Tudo fica claro quando os mais céticos ou prudentes são acusados de “isenção”. Ou seja, quem rejeita e sempre rejeitou o PT teria de se comprometer com Jair Bolsonaro. Ou tudo ou nada. Ou isso ou aquilo. Temor e tremor. Caso o antipetista também critique Bolsonaro, será tachado como “isentão”. Isentão é o novo “fascista”, o novo “comunista”: adjetivo que se cola no interlocutor para invalidar seus argumentos sem precisar discuti-los. Se você critica a esquerda e também critica certa direita que lhe é oferecida, você é isentão. Você está em cima do muro. Você está pisando na credulidade das pessoas.
O problema é que o ginasiano apelido surgiu em meio às investigações da Lava Jato, do impeachment de Dilma Rousseff e da prisão de Lula. Era mais ou menos assim: o petista enrustido dizia que não era petista, “mas…”. Muito petista andava envergonhado de sê-lo, e procurava meios de justificar sua recalcitrância. “Não sou petista, mas… Lula está sendo injustiçado”; “Não sou petista, mas… exageraram no impeachment da Dilma”; “Não sou petista, mas… a Lava Jato é seletiva”; “Não sou petista, mas… e o Eduardo Cunha?” Assim por diante.
Isso tudo é bem diferente de rejeitar o PT e rejeitar o que se oferece como direita, com Jair Bolsonaro. Quem faz isso é tudo, menos isentão. Arrisco inverter a lógica desse truque retórico e dizer o seguinte: quem adere a determinado grupo, quem torce para o time que está ganhando, quem deixa de lado convicções longamente estudadas para se enturmar com o bando de amiguinhos, este sim é o isentão. É aquele que não aguenta cinco minutos de porrada moral. É aquele que precisa ver seus textos, suas ideias, suas esperanças chanceladas pela metade certinha do país. É muito mais fácil viver e pensar a política assim: na dúvida, vou para os braços da torcida. Na dúvida, capitulo. Na dúvida, finjo que “Não gosto do Bolsonaro, mas…”.

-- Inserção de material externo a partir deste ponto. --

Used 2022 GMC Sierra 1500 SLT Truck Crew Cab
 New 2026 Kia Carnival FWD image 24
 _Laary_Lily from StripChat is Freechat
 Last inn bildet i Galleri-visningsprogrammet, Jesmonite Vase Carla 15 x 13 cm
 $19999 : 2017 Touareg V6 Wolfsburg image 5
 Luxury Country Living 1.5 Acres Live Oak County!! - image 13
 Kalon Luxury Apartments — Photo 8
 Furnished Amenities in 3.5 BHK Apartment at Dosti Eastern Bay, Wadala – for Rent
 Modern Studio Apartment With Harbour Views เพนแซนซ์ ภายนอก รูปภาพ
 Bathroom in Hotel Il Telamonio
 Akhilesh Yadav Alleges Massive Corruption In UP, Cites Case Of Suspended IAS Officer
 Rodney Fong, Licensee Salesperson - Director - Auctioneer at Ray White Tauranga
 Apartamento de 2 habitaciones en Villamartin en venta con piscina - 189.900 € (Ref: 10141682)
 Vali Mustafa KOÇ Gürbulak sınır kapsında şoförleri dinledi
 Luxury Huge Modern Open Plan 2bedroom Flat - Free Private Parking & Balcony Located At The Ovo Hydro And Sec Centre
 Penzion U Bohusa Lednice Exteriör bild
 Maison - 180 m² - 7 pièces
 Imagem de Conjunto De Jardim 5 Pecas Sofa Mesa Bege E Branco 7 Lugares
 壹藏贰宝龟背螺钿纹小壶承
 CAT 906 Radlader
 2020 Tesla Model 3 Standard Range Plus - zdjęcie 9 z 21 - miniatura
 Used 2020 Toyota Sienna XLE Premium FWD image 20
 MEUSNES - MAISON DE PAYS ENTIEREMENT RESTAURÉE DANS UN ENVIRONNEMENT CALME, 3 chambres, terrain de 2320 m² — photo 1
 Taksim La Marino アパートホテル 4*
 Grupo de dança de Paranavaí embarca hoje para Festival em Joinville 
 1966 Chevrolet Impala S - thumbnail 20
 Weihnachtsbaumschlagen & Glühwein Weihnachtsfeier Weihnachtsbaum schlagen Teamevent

Considero que, num primeiro turno que não existiu, espécie de W.O. político e desperdício de tempo e dinheiro, votar num candidato “menor” é tão válido quanto votar em quem está na liderança. Também julgo válido o voto nulo, a recusa de escolher entre opções previamente colocadas num elenco ruim. E vou além: na democracia, considero igualmente valoroso o ato daquele que nem mesmo anula o voto, mas se recusa a participar do jogo. O exercício eleitoral é um direito, mais que um dever. Recusar os próprios termos também é um jeito de fazer política, certo tipo de anarquismo conceitual não-violento.
Por todas essas razões, acusar de covardia aqueles que não votam em nenhum dos protagonistas de um momento tão desastroso é, no fim das contas, sinal de como o pensamento democrático tem se limitado ao bingo das urnas, ao suor das ruas e a não muito mais do que isso. Populismo de um lado, populismo de outro; carisma de um lado, carisma de outro; redenção de um lado, redenção de outro; desculpas esfarrapadas de um lado, desculpas esfarrapadas de outro. No empobrecido debate político contemporâneo, brasileiro principalmente, esquerda e direita têm mais afinidades e são mais parecidas entre si do que se quer acreditar, e por isso o eleitor acaba reduzido a um objeto matemático cujas propriedades foram descobertas por August Ferdinand Möbius: uma excêntrica faixa que percorre a si mesma e consiste em ter um lado só.